Priority #1: Existing Patients

The number one priority for your medical practice marketing strategy should be your existing patient database. Your existing patients are extremely important because you already have a relationship with them. The cost to bring them back into the practice is zero (financially). The only costs associated with re-marketing to your current patients consist of the time and staff resources it takes for implementation. 
"Creating and maintaining lifetime value for existing patients is essential."

However, these “costs” can be diminished using technology and automated marketing tools. (See our blog and video on Patient Retention Targeting to learn more about re-marketing to your patient database.)

Creating and maintaining lifetime value for existing patients is essential and can be broken down into two parts:

  1. How are you maintaining and enhancing your relationship with existing patients so that you are their go-to practice for all their aesthetic or elective healthcare services?
  2. How are you obtaining referrals from your existing patients?

Understanding how to establish patient lifetime value and to obtain referrals from existing patients are key components of your medical marketing strategy, especially since they is essentially no real cost.

Priority #2: Website

Optimizing your medical practice’s website should be marketing channel priority number two. This channel is the most advantageous way to get patients into your practice (next to your existing patients and their referrals).

There are three necessities to making this marketing channel as effective as possible:

  1. SEO to drive organic traffic to the website
  2. Tracking the visitor to lead rate/conversion metrics
  3. Tracking the number of new patients your practice receives and the return-on-investment (ROI)

Priority #3: Paid Placement

Paid placement advertising (a.k.a pay-per-click or PPC ads) is a popular marketing strategy. The goal is to display business ads prominently in the SERPs (search engine results pages) and on social media channels to gain click throughs, lead generation, website visits, etc. Google AdWords and Facebook paid advertising are two popular options.

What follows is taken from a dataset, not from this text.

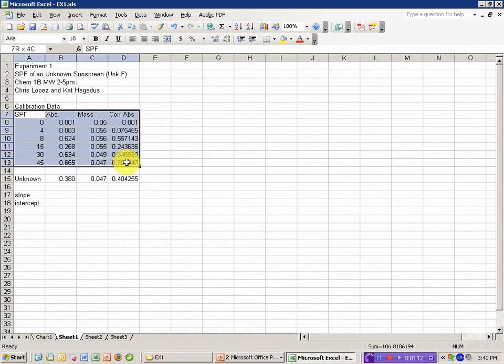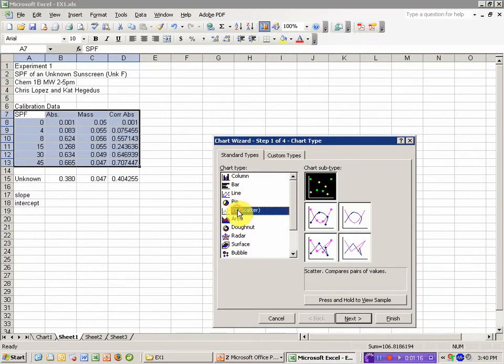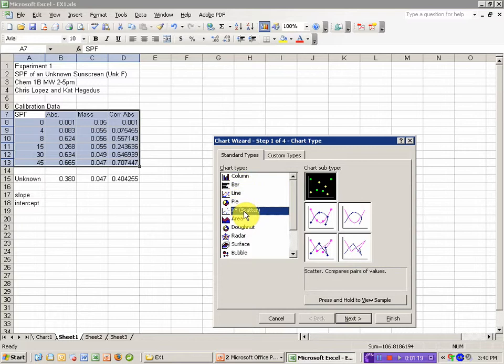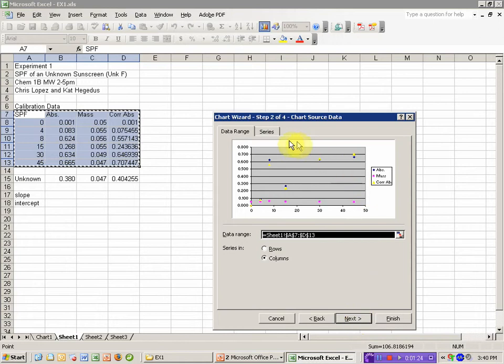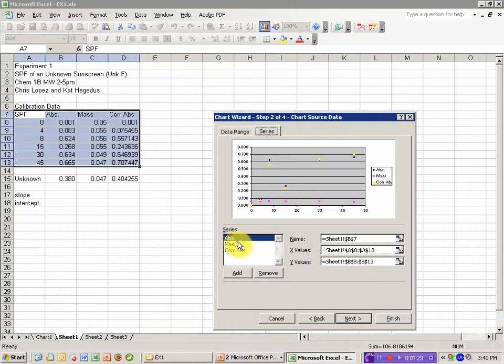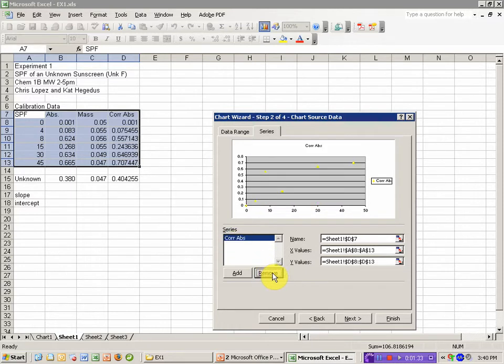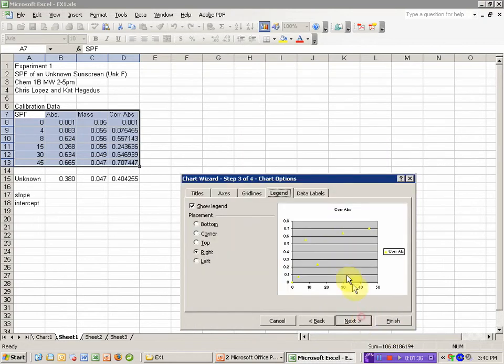Next, I want to plot this data to get a look at what I might want to do with it if there's any data points that don't make sense. I need to be sure to use XY scatter, and I'm just going to plot the data points by themselves at this stage. I have some extra series in here I don't need. I'm trying to plot corrected absorbance versus SPF, so I'm going to remove the raw absorbance and the mass. And there's my data.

Paid placement as a marketing channel can be beneficial as it allows for:

  • Control of the budget
  • Keyword targeting
  • Specific audience targeting

However, depending on the market you’re in, the average price to acquire a click or lead via paid placement may not be realistic. In some markets, it is statistically impossible to be profitable using paid advertising. When you get into markets like New York or California, the cost-per-click can average $15. No matter how seasoned a practice is, most are not able to monetize that expensive of a click (profitably). You need to be careful in utilizing this channel and be sure to track your return-on-investment so you don’t waste money.

Priority #4: Offline

The fourth channel varies based on the market. There are various offline (i.e. print ads) and special promotion groups (i.e. Groupon), available to practices as marketing and advertising outlets. But with all of the options, you must understand that the market your practice is in will factor into your success.

Take the following into consideration when determining which additional marketing channels to use:

  • How many competitors are in your market?
  • How saturated is your market with other advertisers?
  • What are the types of offers in your market?
  • What is the population size of your market?